▶ [WORK INSTRUCTION]
Your answer should be the lines from the one with "SVB Risk Management" to the end of the data below, both included, exact and free of pictures.

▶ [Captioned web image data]

————

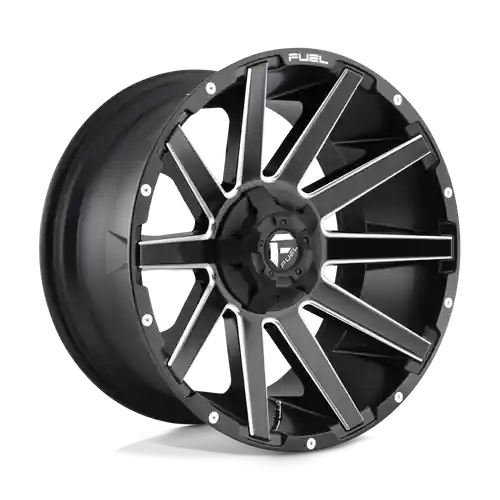 Fuel 1PC D616 CONTRA 5X114.3/5X127 20X9 +1 MATTE BLACK MILLED Free Delivery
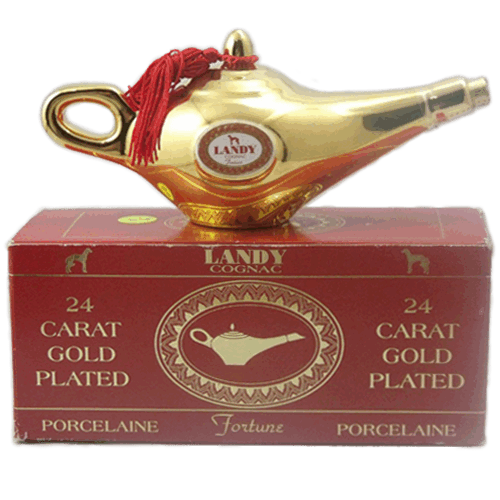 朗蒂 神燈 干邑白蘭地 Landy Cognac 24 Carat Gold Plated Porcelaine fortune Cognac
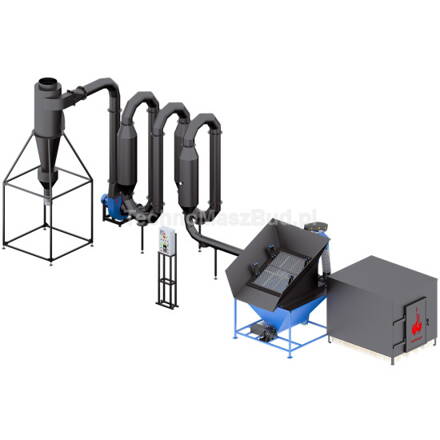 Aerodynamická sušička pilín SA-600 PRO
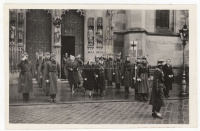 KASSA 1938. Bevonulás, képeslap 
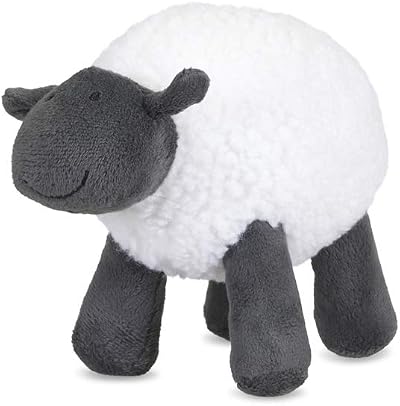 Petface Stanley the Sheep Plush Dog Toy with Squeaker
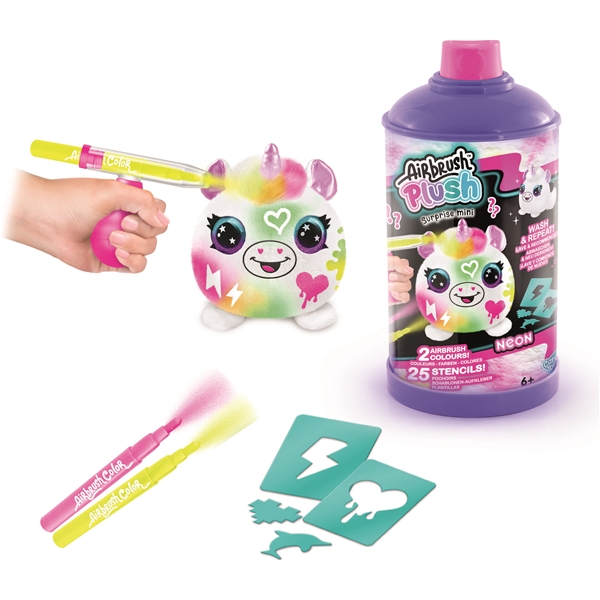 Airbrush Plush Neon Mini Mystery Kit (Bilde 3 av 4)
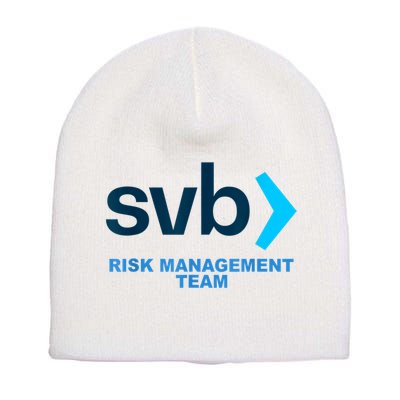 SVB Risk Management Team Funny Svb Short Acrylic Beanie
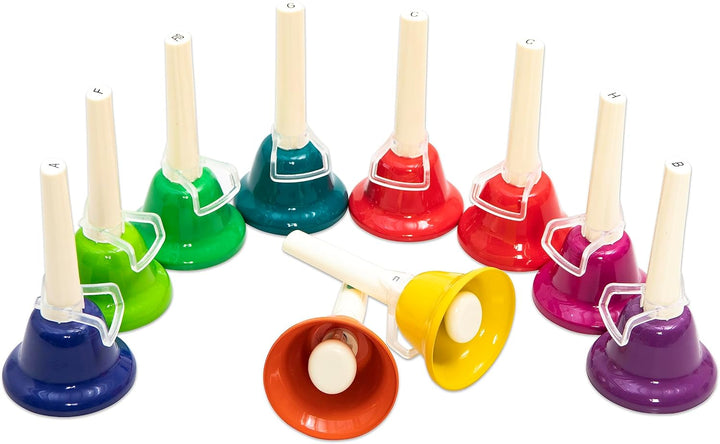 Betzold Musik - Glocken mit Einmalanschlag - bunt Stopp-Funktion mit Notennamen für Kinder diatonisc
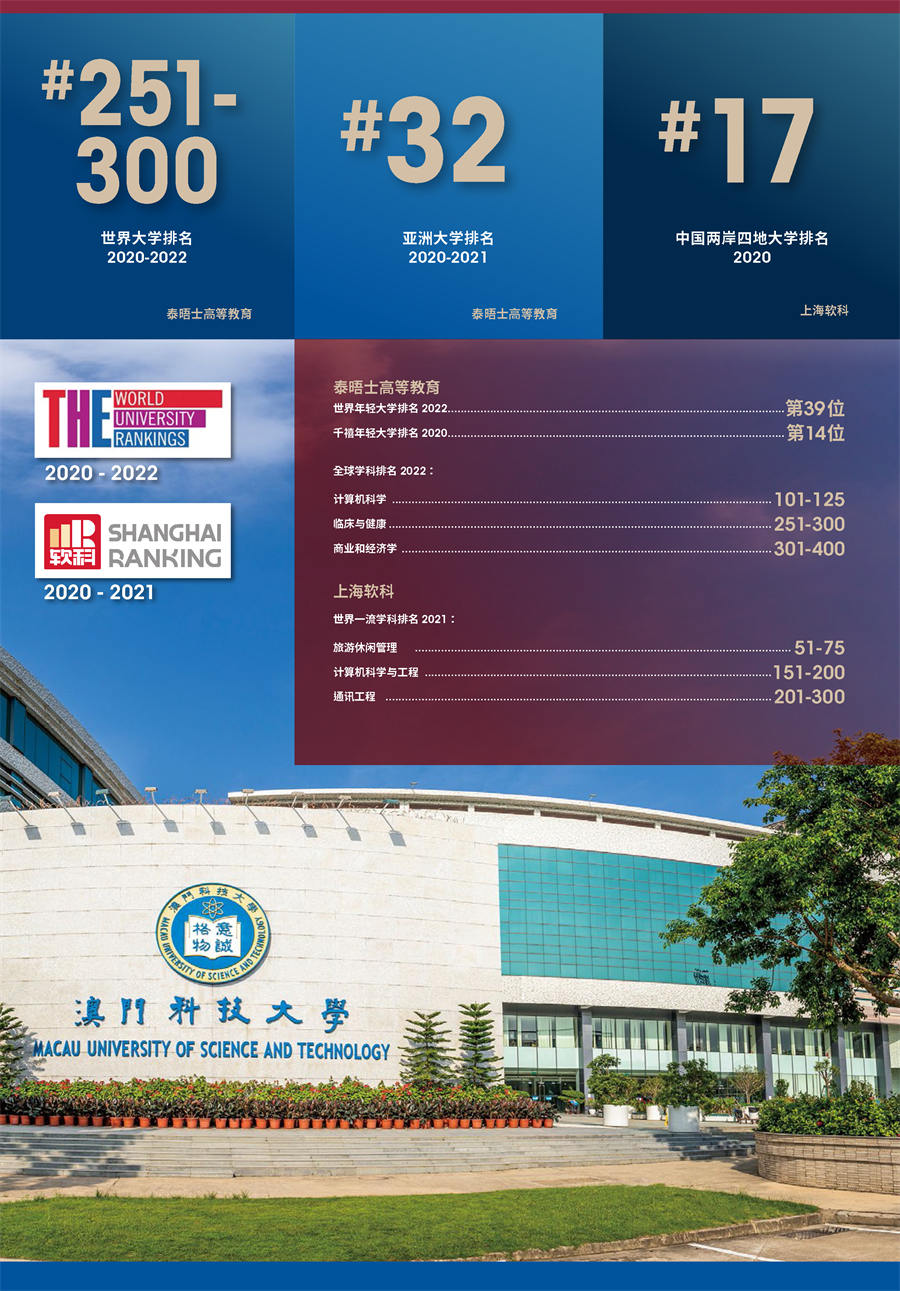 澳门科技大学2022年招生简章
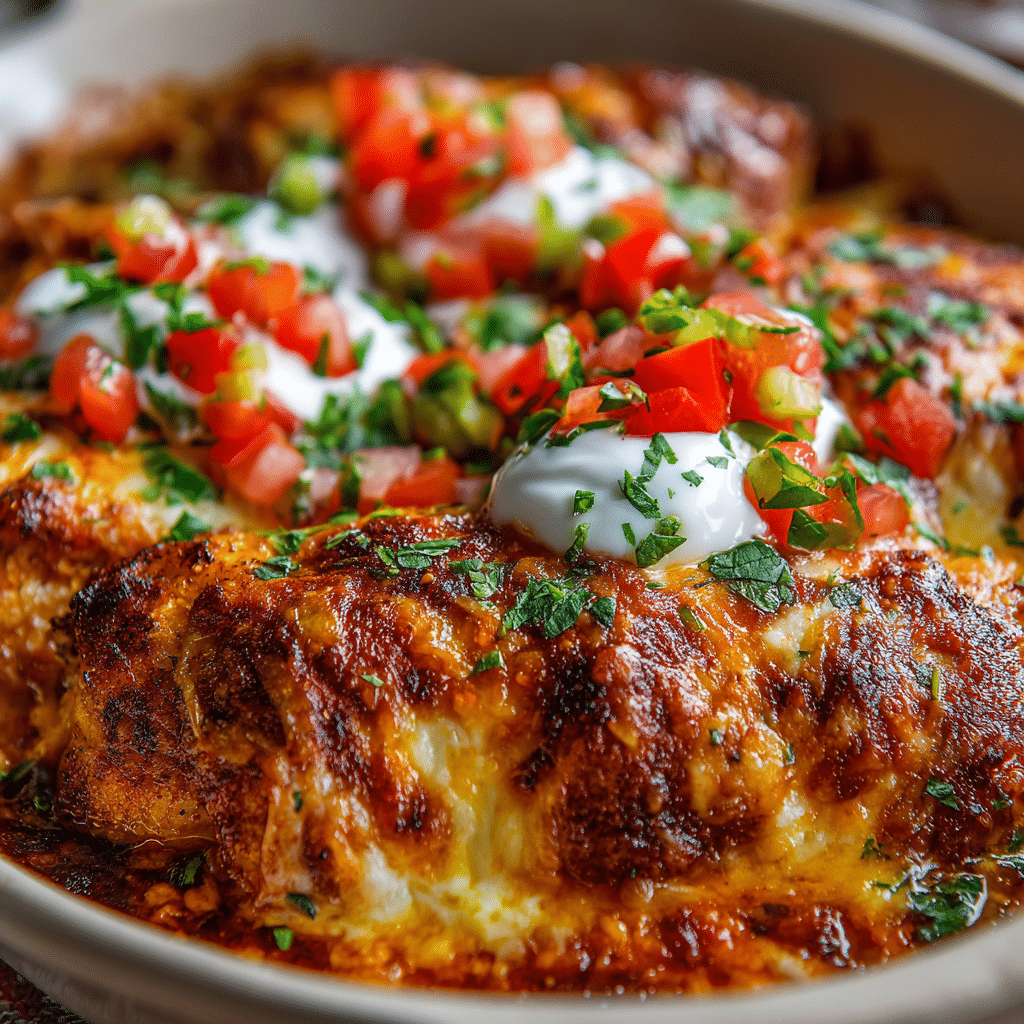 Cheesy Salsa Chicken Bake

————

▶ [TASK RESULT]
 SVB Risk Management Team Funny Svb Short Acrylic Beanie
 Betzold Musik - Glocken mit Einmalanschlag - bunt Stopp-Funktion mit Notennamen für Kinder diatonisc
 澳门科技大学2022年招生简章
 Cheesy Salsa Chicken Bake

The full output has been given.